## What is being asked:
Exclude the pictures. Transcribe exactly, and only, the lines from the one holding "The features include" to the end of the material below.

## Supplied material:
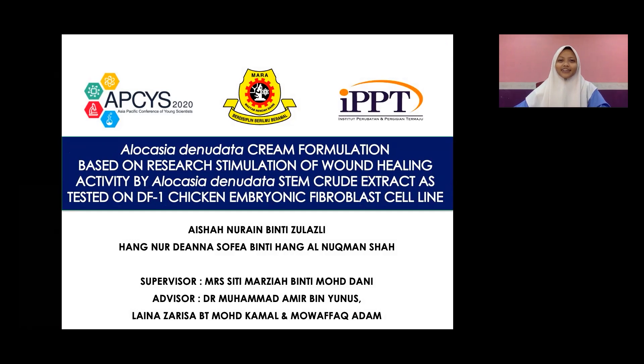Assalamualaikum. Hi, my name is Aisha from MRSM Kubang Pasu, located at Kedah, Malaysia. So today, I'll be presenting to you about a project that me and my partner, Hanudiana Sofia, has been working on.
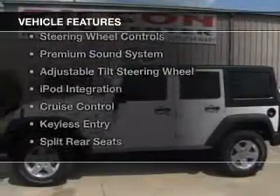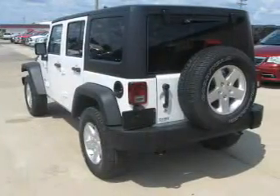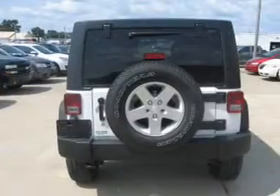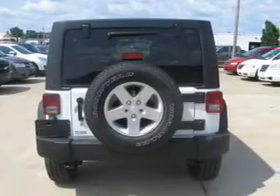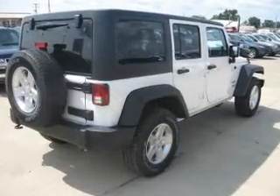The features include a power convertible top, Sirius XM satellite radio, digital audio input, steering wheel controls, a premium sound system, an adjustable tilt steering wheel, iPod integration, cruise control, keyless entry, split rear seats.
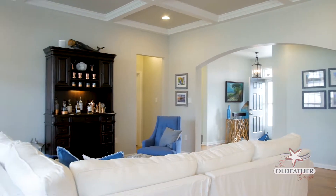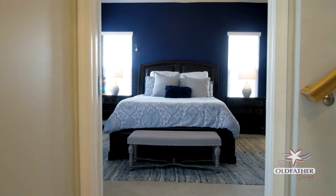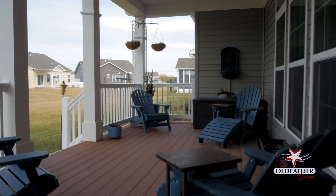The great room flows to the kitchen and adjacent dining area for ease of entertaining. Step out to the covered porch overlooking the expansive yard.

## Solution to this task:
The features include a power convertible top, Sirius XM satellite radio, digital audio input, steering wheel controls, a premium sound system, an adjustable tilt steering wheel, iPod integration, cruise control, keyless entry, split rear seats.
The great room flows to the kitchen and adjacent dining area for ease of entertaining. Step out to the covered porch overlooking the expansive yard.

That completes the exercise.